Introducing non-timber forest products in reforestation schemes and tree-crop farms in Ghana (TREEFARMS)
Aim: Employing a gender-sensitive and stepwise collaborative learning approach, this project aims to integrate nutritious shade-tolerant non-timber forest products (NTFPs) (black pepper, grains of paradise and honey) in Ghana’s modified taungya (reforestation) system and off-reserve tree farms. The project aims to enhance food and income security for these farmers after canopy closure by examining and building capacity on how three previously introduced shade-tolerant non-timber forest products can be successfully harvested, processed and marketed.
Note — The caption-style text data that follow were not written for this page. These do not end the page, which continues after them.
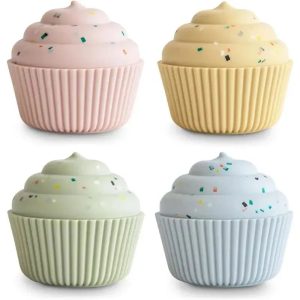Mushie - Silicone Mix and Match Cupcake Toy 4 Pack, Mold Free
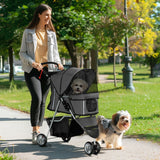 Pet Stroller with Zipper, 3 Wheel Removable & Washable Bottom Pad, Charcoal Grey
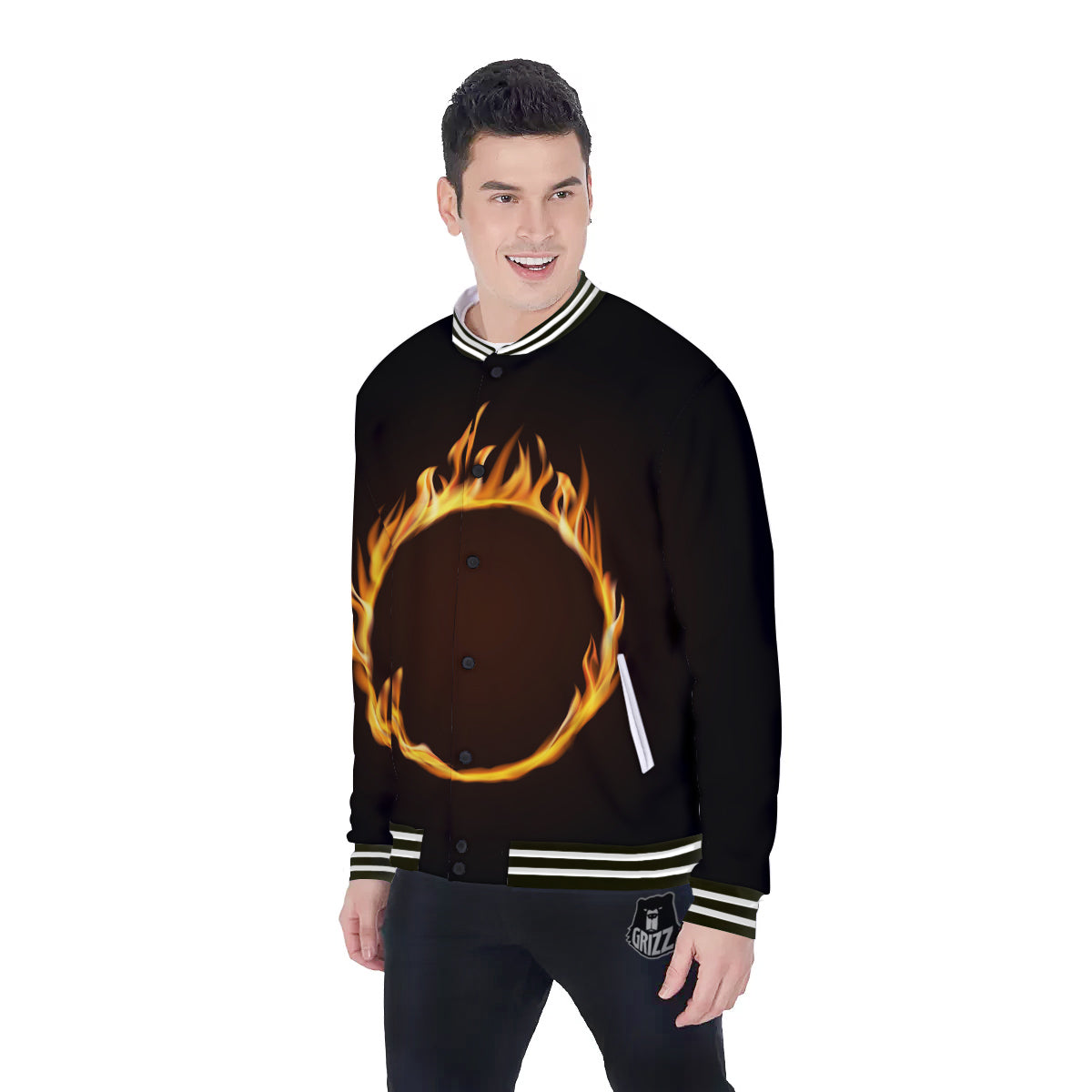Hole Burning Print Baseball Jacket-grizzshop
The proposed duration allows integrating research and capacity development through the entire NTFP cycle (seedling production, cultivation/honey production, processing and marketing) and before project closure, all collaborative learning stages (inception/taking stock, joint implementation/co-creation of knowledge, dissemination/enhancing uptake) will be dealt with.
Objective: The overall objective of this project is to enhance food and income security of MTS farmers and tree farmers in off-reserve areas after canopy closure. Specific objective is to generate knowledge and build capacity that enables the integration and production of shade-tolerant NTFPs (black pepper, grains of paradise and honey) in on- and off-reserve tree farms and their successful processing and marketing.
Method: The project is organized in eight work packages (WPs); six addressing research questions and associated capacity building/collaborative learning; one for capacity building MSc students; and one for overall project coordination.
The project involves farmers, practitioners, policymakers, NGOs and value-chain actors in a stepwise collaborative learning approach including inception, joint implementation, and dissemination. Built on knowledge gaps identified by farmers and practitioners, this proposal contributes to the broader debate on landscape approaches that aim to integrally address food insecurity, deforestation, environmental degradation, and climate change.
Dutch policy goals: Increased sustainable agricultural production; and More efficient markets.